This thread has been locked.

If you have a related question, please click the "Ask a related question" button in the top right corner. The newly created question will be automatically linked to this question.

AM5708:PCIe x2 Gen2 Link training failed

Part Number: AM5708
Other Parts Discussed in Thread: CDCM61002, TEST, AM5728, SYSCONFIG

Hi,TI

  I am using AMA5708 to implement x2 lane and Gen2 communication with xilinx A7 devices through PCIe. However, during use, it was found that individual AM5708 devices would have PCIe link instability, and I hope to get some troubleshooting suggestions.

  The following descriptions of our hardware design and troubleshooting.

  (1)The following is our hardware basic framework. The PCIe pins of AM5708 is directly connected to Xilinx-A7 GTX pins, and a 100nf capacitor is connected in series. Use CDCM61002 clock chip to provide 100MHz clock to AM5708 and Xilinx A7 respectively, as PCIe reference clock

(2)The following are the main phenomena of our PCIe failure:
expect x2 lane, gen2, actually x1 lane, gen2
expect x2 lane, gen2, actually x2 lane, gen1
expect x2 lane, gen2, in fact, AM5708 cannot perform link training normally


There are 3 sets of test abnormalities in 5 sets of boards, and there is a 1/3 probability that the test fails.

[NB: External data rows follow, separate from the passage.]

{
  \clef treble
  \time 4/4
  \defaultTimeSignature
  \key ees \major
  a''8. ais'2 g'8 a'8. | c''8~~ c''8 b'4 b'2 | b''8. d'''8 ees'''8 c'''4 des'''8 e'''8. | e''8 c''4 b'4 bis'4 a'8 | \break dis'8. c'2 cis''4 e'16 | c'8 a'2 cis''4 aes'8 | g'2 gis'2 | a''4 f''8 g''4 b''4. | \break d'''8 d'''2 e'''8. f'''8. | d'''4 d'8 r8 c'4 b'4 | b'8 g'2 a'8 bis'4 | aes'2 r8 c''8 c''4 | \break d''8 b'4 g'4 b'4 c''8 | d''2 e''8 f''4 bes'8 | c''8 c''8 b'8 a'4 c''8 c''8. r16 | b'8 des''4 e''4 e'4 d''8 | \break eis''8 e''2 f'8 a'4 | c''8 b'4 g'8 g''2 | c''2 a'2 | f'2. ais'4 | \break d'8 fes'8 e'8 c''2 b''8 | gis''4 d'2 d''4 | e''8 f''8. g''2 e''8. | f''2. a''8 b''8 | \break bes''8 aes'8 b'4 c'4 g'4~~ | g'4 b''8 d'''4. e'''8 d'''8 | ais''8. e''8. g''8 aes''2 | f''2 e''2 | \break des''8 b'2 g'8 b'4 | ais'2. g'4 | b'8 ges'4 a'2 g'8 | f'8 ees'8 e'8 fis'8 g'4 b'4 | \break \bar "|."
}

The tests of the other two boards are normal.

(3)Here are some troubleshooting we have done:

① Set the desired speed to x1 lane, gen1; all boards can pass the test

② Modify the AM5708 PCIe clock source to ACSPCIE or ADPLL, the probability of test failure is the same, and there is no improvement

③ PCIe loop adds 100R terminal matching resistance, no improvement

④ Exchange the PCIe CLK capacitance of the normal board with the capacitance on the abnormal board, no improvement

⑤ The board power supply ripple is about 18.4mV, which is less than the MAX Vpp 50mV described in the manual

⑥ Hardware loopback PCIe link, using Xilinx A7 eye diagram test; the eye diagram is better, and the line signal routing quality is no problem

⑦ Interchange the AM5708 CPU of the normal board and the AM5708 CPU of the abnormal board;
The AM5708 CPU of the normal board + PCB test of the abnormal board was normal for 150 times; the AM5708 CPU of the abnormal board + PCB test of the normal board failed after 5 tests.

In summary, the PCIe link training problem currently located may be related to different AM5708 CPUs, and the error probability is relatively high.

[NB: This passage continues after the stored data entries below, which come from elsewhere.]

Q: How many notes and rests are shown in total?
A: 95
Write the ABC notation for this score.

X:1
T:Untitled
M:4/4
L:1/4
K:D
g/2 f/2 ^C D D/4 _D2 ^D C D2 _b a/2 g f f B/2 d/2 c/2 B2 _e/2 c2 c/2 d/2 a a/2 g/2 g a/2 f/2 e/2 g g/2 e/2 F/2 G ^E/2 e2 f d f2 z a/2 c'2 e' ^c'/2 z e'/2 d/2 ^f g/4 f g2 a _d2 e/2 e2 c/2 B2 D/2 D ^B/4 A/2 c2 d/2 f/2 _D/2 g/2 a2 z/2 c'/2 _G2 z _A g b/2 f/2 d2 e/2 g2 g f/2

Hope to get your troubleshooting suggestions,Thanks.

  • Hi, anyone update here?

  • Is there any expert who can answer this question? Thank you very much!

  • Hi, Gary

        Thanks for your reply. I already try reset pcie link.
        Sadly this doesn't solve our current problem, Do you have any other suggestion?

  • Hi,

        We've tried a few more recently, see if we have any other suggestions

        ① We have a board in the form of a hardware solution as AM5728 + Xilinx A7; this board can achieve stable PCIe x2lane gen2 communication under the same test conditions

        ② The problem seems to focus on the lane problem, we set up several modes for comparison, lane2 gen2(×), lane2 gen1(×), lane1 gen2(√), lane1 gen1(√)

        ③ Splitting PCIe into 2 x1 mode, using lane0 and lane1 and FPGA alone to achieve PCIe x1 communication, all can link normally; so we think the link PCB signal quality should meet the requirements

        ④ Modify the code to re-train the link when the pcie link training fails. This method sometimes can be recognized normally after re-link training, and sometimes can not be recognized normally.

        ⑤ Since we are using DSP to initialize PCIe to RC, to check the impact of linux settings, start the dsp program from uboot. It is also probabilistic that it cannot be recognized normally.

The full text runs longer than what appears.